Post  Benny26 on Thu Jan 10, 2013 4:17 pm

*Original post by Don Vecta


With SORmaker now many people can give it a go in trying to build the beat 'em up of their dreams. SOR maker, while doesn't cover all the features displayed on v5, still has tons of tools and properties to build a fun, exciting and challenging mod. It's all about the creativity of the author.

However, sometimes we don't know what could be the do's and don'ts while building our stages, our settings, enemy placement, difficulty, etc. And after all, we try to please an audience and have our mod played over and over again (I don't think anyone wants to build something from himself and release it public, yes?).

These guidelines are coming from a very personal point of view. People can have different opinions and takes and whatever it might be written here can be discarded if that's not what you guys think. I'm not a professional modder, neither a top player but I've been playing beat 'em ups for more than 25 years so probly my experience could help out a bit to have an idea of what's going on. As I said, I don't intend this to be a universal guide but I try to point out the things I've seen that other people love or hate from a mod and gather their opinions and thoughts. We are community, feel free to contribute with your inputs too.

I'll try not to put specific examples to avoid hurting feelings since this is mostly in a general context.

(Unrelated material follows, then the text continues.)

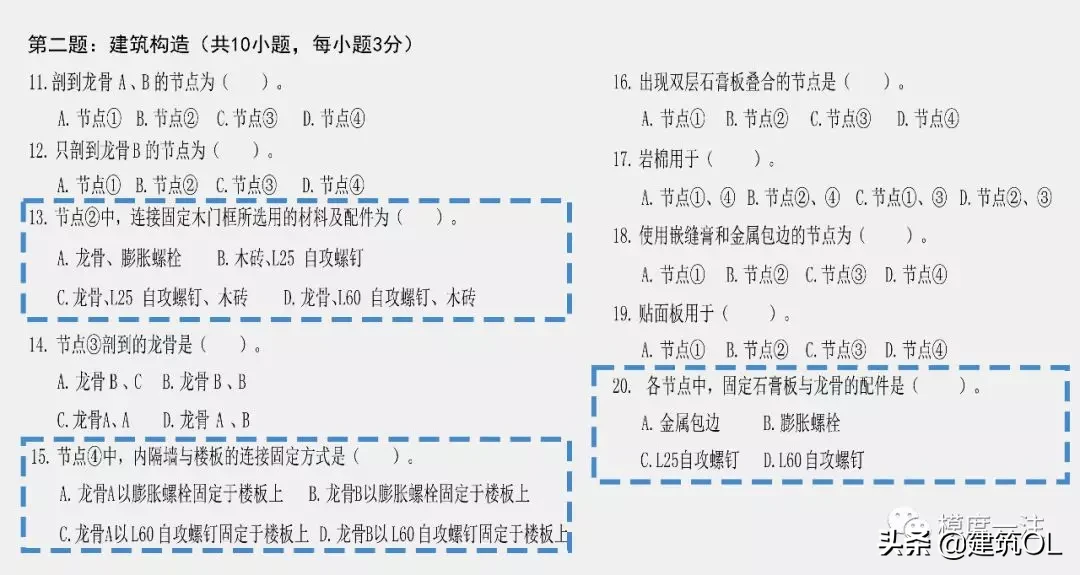 技术作图：构造题目的解题思路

I'm not going to give jabs to anyone or annoy anybody, this is solely with the purpose to contribute and help to create better and better mods, nothing else.

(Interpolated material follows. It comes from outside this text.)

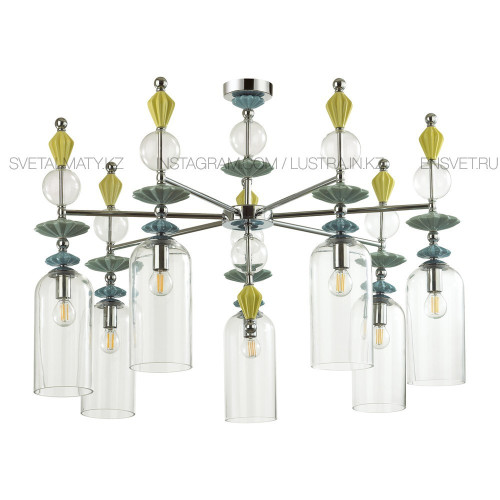 Потолочная люстра SvetAlmaty.kz T001-7CH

Said that, let's begin, shall we?


Before start modding.

- Get a theme for your mod. You can just make a mod with any lovely stage and fill them with random enemies if you must, but the audience would feel more appealed if the mod had a specific theme. You can make it comedic, or noir, or sci-fi or b-action film or exploitation, etc. and according to your theme, build your stages and place ur enemies accordingly.

- Think in a storyline. By setting a theme then you can try to create a script of events that build up interest to the game. You don't need to be Sir Arthur Conan Doyle to bring a cool detective story or Wes Craven to bring a horror story, in fact, in beat 'em ups, stories tend to be quite cheese due of their homage of 80's b-action films so no worries, you can bring a deep story or something simple. Stories are just to give flavor to the game and it will bring tons of replay value.

- Choose your materials wisely! Okay, gathering materials like stage background from other games it's a common thing between modders, you also can build your own sprites on your own as well. But there's something important: if someone else ripped or built a stage and you want to use elements from it in your mod ASK PERMISSION FIRST! This is very important if you don't want to have problems with the rest of the community and get branded as a plagiarist or a jerk. You might no get sued but bet your ass you're gonna be ostracized, outcasted and rejected by the community and nobody would like to play your mods.

- Choose your music according to your theme. You know the soul of a beat 'em up (especially Streets of Rage) lies in its music. The music should fit in the theme you choose and give the mood you want to add on it. A detective or noir story would fit with jazz or blues based music (either pure style or more modern styles with jazz elements) or a Sci-fi theme with electro, noise or EBM.
In a personal opinion I recommend the use of INSTRUMENTAL TRACKS since music with lyrics tend to distract and alter the effect desired in a stage, while an instrumental track would give a more neutral and background element without taking away the mood. Definitely tracks with lyrics are tacky and a no go and most people don't find it comfortable to listen during a game, but if you really want it's up to you.

Okay, let's continue.

So yeah, you have your sprites ready, photoshop (or whatever image editor you use) on hand, fpg on hand and SORmaker on. You have the concept ready and it's time to give it shape to the mod.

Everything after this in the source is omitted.